Buntut dari kasus ini, sebanyak 13 santri Ponpes Ora Aji ditetapkan sebagai tersangka penganiayaan. Namun, dalam perkembangan terbaru, salah satu dari 13 santri tersebut justru melaporkan KDR atas dugaan pencurian. Adi Susanto, kuasa hukum yayasan pondok pesantren Ora Aji, menyatakan bahwa laporan terhadap KDR telah resmi diajukan ke Polresta Sleman. Menurutnya, ada sekitar 7 hingga 8 santri yang mengaku kehilangan uang dan barang dengan nominal bervariasi, mulai dari Rp 20.000 hingga Rp 700.000.
Kapolresta Sleman, Kombes Pol Edy Setyanto Erning Wibowo, membenarkan adanya laporan terkait dugaan pencurian yang melibatkan KDR dan menyatakan bahwa pihak kepolisian sedang menindaklanjuti laporan tersebut.

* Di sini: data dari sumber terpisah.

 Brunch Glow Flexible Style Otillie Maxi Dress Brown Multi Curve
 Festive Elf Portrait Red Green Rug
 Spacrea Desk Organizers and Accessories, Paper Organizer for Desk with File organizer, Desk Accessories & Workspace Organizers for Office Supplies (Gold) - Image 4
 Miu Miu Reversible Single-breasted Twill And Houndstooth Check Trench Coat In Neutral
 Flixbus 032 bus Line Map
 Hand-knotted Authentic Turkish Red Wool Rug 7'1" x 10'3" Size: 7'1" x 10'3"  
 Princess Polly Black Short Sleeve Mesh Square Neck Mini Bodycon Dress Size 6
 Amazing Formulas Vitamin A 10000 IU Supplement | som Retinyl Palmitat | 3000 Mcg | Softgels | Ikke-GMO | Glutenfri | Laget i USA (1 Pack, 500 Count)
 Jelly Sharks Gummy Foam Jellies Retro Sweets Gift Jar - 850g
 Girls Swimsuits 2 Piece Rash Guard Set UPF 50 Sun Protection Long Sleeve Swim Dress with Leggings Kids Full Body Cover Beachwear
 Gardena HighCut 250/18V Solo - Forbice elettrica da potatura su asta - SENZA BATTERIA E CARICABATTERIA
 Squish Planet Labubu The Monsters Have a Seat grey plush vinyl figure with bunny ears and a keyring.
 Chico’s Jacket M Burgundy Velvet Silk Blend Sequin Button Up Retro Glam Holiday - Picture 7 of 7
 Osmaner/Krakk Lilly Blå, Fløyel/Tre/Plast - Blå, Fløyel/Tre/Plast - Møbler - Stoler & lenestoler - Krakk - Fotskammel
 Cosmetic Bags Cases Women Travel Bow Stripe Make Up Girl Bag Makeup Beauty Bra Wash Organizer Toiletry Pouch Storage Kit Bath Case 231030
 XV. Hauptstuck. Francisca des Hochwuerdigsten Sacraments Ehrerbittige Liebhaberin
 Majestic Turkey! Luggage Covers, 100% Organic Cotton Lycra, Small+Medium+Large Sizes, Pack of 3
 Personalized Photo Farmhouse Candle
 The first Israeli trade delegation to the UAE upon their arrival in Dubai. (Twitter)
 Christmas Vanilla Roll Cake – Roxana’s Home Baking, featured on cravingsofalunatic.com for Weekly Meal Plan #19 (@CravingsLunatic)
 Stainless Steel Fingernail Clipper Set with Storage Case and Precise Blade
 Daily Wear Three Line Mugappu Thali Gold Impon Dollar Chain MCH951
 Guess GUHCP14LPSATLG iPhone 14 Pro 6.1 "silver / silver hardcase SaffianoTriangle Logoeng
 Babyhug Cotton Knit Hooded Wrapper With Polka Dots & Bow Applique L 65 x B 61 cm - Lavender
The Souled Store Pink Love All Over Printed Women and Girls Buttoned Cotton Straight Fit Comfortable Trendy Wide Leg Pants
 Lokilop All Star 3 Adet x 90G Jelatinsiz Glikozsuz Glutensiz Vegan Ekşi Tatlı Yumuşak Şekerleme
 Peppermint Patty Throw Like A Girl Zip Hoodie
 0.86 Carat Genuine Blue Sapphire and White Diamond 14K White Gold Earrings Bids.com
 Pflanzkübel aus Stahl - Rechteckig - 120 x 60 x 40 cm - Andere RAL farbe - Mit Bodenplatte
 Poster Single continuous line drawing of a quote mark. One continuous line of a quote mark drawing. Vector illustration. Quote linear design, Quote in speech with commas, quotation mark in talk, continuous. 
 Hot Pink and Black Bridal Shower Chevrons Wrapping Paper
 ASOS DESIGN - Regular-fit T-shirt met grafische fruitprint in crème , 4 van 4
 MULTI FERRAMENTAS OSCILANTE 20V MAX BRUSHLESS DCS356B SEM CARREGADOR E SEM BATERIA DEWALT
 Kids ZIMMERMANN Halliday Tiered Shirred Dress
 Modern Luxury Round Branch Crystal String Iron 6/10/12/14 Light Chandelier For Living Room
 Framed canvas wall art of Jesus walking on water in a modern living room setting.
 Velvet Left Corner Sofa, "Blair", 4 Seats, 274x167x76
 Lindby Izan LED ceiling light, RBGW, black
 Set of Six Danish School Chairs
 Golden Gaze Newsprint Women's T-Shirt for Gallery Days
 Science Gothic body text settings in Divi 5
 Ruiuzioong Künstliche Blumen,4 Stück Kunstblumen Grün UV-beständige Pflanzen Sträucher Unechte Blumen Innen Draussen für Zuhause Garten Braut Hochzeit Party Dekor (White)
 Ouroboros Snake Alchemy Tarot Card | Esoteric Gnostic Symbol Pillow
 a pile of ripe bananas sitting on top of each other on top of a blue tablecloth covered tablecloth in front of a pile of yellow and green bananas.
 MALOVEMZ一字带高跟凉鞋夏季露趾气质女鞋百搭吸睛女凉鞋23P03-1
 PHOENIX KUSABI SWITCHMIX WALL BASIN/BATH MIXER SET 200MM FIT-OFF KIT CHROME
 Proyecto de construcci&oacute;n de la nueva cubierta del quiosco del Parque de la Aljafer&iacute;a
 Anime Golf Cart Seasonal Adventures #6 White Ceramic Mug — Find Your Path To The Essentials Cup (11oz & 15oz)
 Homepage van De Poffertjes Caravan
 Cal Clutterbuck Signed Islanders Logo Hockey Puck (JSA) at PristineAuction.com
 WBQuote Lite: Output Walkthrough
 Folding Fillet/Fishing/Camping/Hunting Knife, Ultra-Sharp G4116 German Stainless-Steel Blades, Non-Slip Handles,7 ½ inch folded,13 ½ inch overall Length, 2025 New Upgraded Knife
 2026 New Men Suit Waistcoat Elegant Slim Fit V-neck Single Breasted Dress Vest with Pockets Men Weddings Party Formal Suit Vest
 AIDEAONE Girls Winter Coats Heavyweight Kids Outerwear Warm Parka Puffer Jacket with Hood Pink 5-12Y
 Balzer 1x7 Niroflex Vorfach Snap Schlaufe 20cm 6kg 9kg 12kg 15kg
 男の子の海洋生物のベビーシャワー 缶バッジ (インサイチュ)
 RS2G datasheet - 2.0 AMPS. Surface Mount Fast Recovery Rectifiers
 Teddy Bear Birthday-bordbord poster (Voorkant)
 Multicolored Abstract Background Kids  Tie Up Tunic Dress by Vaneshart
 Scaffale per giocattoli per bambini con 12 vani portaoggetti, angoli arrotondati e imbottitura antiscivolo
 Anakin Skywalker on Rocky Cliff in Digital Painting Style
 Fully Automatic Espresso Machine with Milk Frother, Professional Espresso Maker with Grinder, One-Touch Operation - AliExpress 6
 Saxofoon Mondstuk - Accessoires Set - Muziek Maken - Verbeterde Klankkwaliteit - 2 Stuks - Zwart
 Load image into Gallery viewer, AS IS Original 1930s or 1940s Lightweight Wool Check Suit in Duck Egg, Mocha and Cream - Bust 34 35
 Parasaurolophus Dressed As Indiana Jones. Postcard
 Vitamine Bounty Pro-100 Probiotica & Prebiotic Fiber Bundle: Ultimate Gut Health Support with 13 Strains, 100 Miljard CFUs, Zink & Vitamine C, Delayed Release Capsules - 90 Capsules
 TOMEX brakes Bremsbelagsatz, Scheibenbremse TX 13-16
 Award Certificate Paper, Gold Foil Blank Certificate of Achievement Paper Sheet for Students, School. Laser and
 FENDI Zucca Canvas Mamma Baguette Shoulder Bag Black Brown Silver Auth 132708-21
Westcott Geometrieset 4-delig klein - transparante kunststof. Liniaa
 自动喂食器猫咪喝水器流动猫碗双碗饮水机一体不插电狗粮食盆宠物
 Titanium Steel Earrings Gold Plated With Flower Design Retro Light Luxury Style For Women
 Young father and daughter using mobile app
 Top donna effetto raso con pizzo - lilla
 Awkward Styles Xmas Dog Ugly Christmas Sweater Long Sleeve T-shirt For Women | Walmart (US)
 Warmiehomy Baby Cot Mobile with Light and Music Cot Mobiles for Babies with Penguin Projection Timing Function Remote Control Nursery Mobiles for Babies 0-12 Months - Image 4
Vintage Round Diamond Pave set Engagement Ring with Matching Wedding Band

Miftah Maulana Habiburrahman, pengasuh Pondok Pesantren Ora Aji, melalui kuasa hukumnya menyampaikan permintaan maaf atas kejadian tersebut. Adi Susanto menjelaskan bahwa peristiwa penganiayaan terjadi saat Miftah sedang melaksanakan ibadah umrah dan tidak berada di lokasi kejadian. Pihak pondok pesantren menyatakan bahwa mereka hanya berfungsi sebagai mediator dalam menyelesaikan masalah ini dan menegaskan bahwa insiden tersebut murni terjadi antara santri dan santri, tanpa keterlibatan pengurus pesantren. Mereka juga mengklaim bahwa tindakan yang dilakukan oleh sejumlah santri merupakan aksi spontanitas sebagai bentuk rasa sayang terhadap sesama santri yang diduga telah melakukan pencurian.